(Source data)
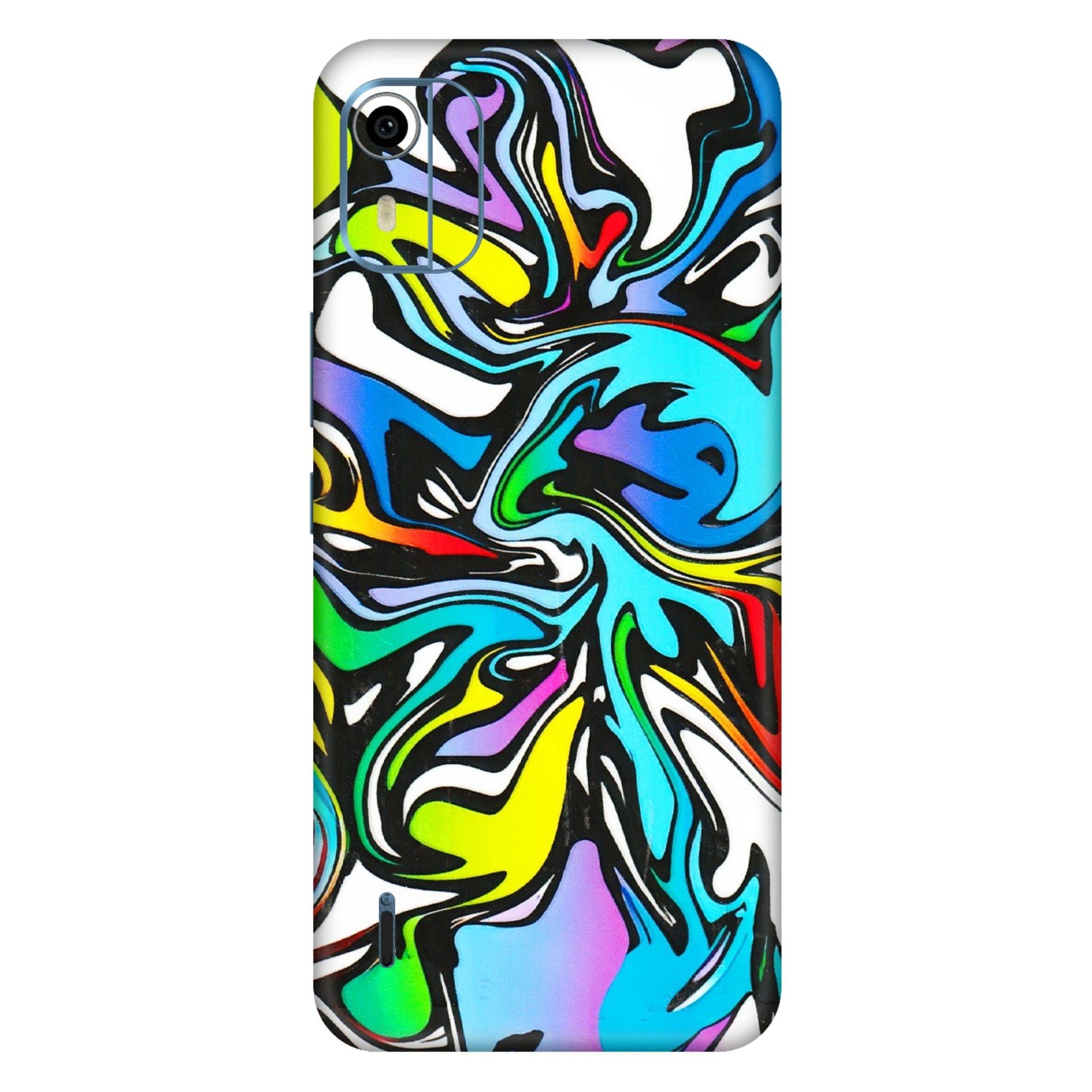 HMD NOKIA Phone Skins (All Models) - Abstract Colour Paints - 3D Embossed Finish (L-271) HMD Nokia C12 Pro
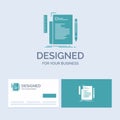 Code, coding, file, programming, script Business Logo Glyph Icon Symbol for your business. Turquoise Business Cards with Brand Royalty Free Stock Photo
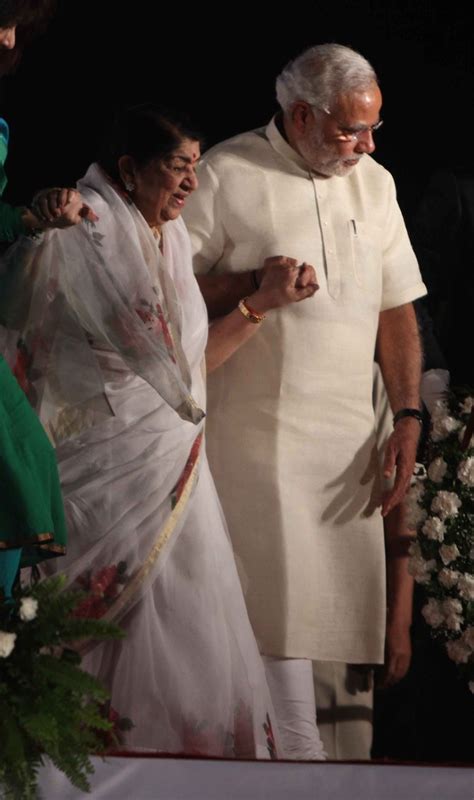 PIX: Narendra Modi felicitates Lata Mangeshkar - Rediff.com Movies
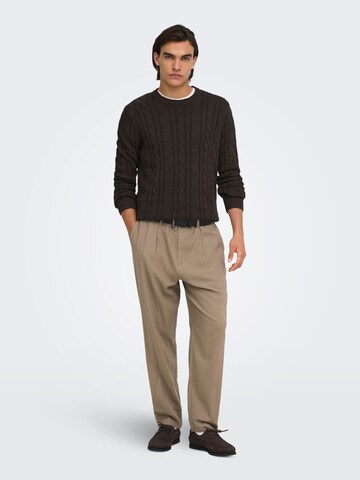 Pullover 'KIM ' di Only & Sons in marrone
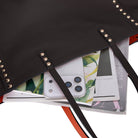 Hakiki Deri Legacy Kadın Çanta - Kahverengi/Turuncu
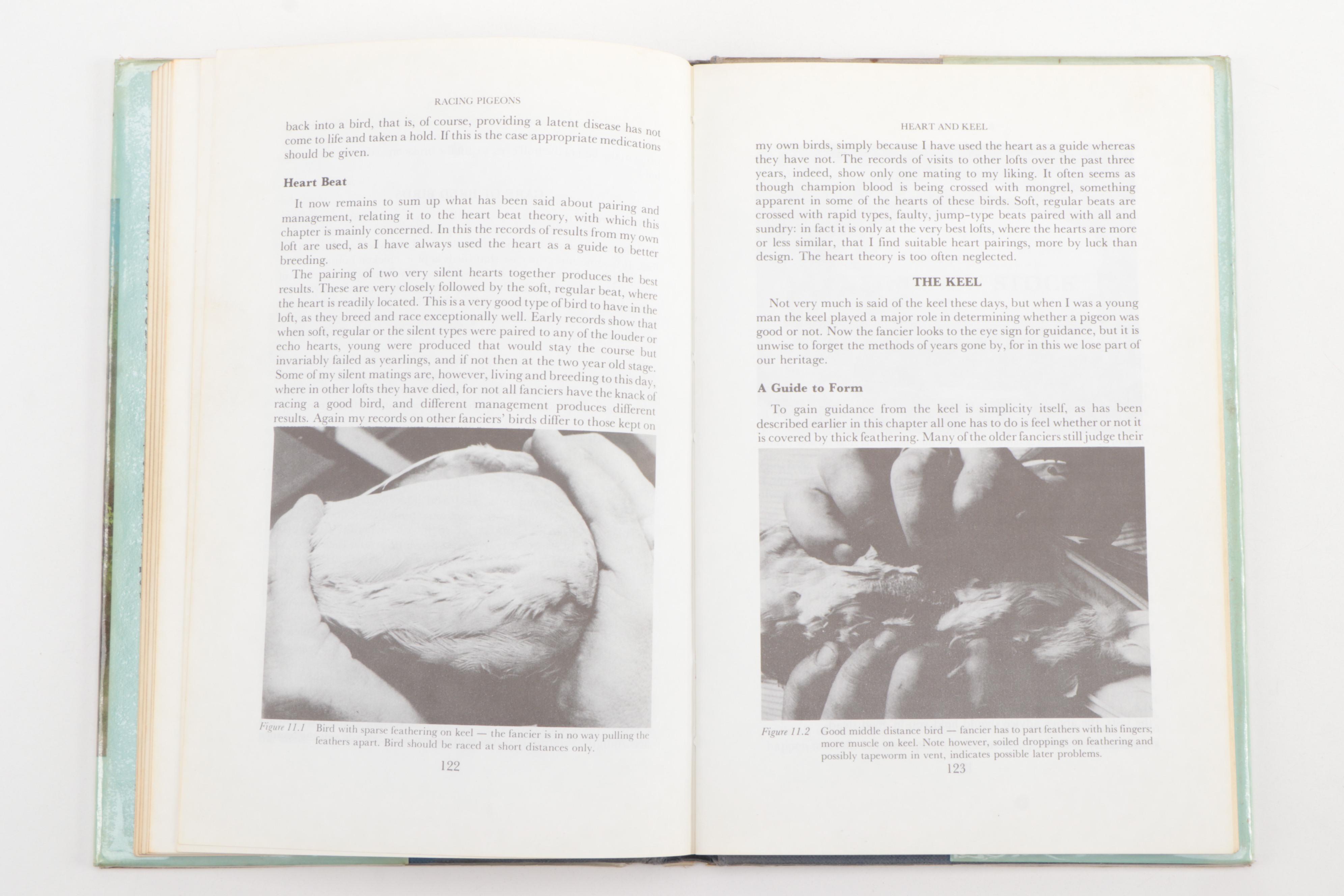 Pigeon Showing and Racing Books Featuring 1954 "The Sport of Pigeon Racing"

> _Your instructions_
The answer must consist only of the lines from the beginning of the entries above through the line that holds "Pullover 'KIM ' di Only & Sons in marrone", reproduced exactly and without pictures.

> _Solution for this task_
 HMD NOKIA Phone Skins (All Models) - Abstract Colour Paints - 3D Embossed Finish (L-271) HMD Nokia C12 Pro
 Code, coding, file, programming, script Business Logo Glyph Icon Symbol for your business. Turquoise Business Cards with Brand Royalty Free Stock Photo
 PIX: Narendra Modi felicitates Lata Mangeshkar - Rediff.com Movies
 Pullover 'KIM ' di Only & Sons in marrone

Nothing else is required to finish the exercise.